The Robert Russa Moton Museum breaks new ground with the exhibit The Moton School Story: Children of Courage. This exhibit seeks to expand the ethnic history perspective by encompassing the totality of racial integration. With an emphasis on policy actors, both civic and governmental, the exhibit presents a case study of the role American policy-making has had in the transition from racial segregation to integration in the public school system.
The Moton School Story explores Prince Edward County’s transition in the years 1951 through 1964. Moton School, a National Historic Landmark, was the site of a 1951 student protest for equal educational facilities which resulted in the filing of Davis v. Prince Edward, one of five cases collectively decided in 1954 as Brown v. Board.

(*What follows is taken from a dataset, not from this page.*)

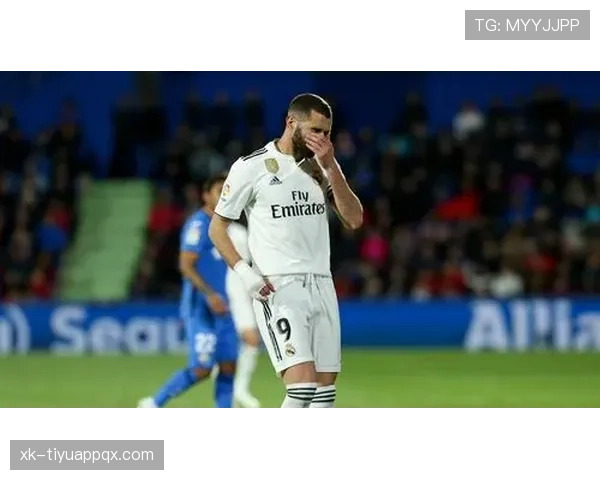 本泽马战术角色与评价争议：终结依赖与体系适配该如何看待？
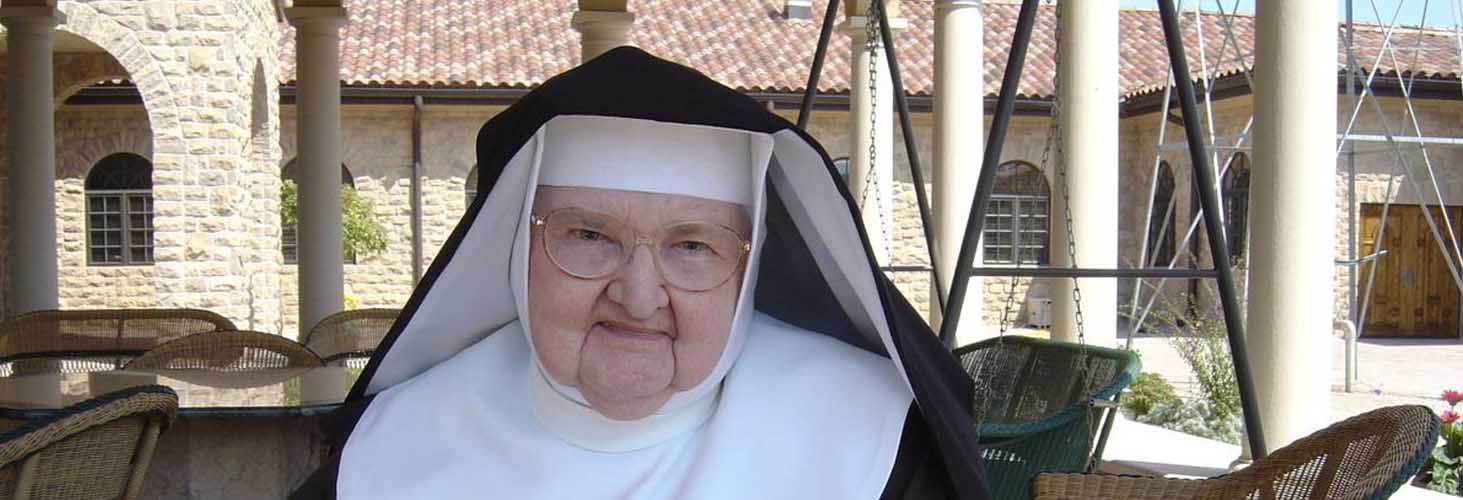 Mother Angelica Died on Sunday at 92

The goal of The Moton School Story is to not only preserve and interpret the landmark, but to also present its history. The exhibit tells this story of transition through galleries featuring six aspects of the period:
- Student protests
- Conditions of racially segregated education
- The 1954 Brown decision
- The state of Virginia’s reaction to the Brown decision
- The county’s reaction to the Brown decision
- Operation of the Prince Edward County Free Schools and the Griffin v. Prince Edward decision to reopen public schools.
For Moton, the completion of the exhibit signaled their entry into the national Civil Rights Era museum community. Through Moton, Virginia joins other southern states in local Civil Rights interpretation and preservation of the stories of Civil Rights leaders for future generations.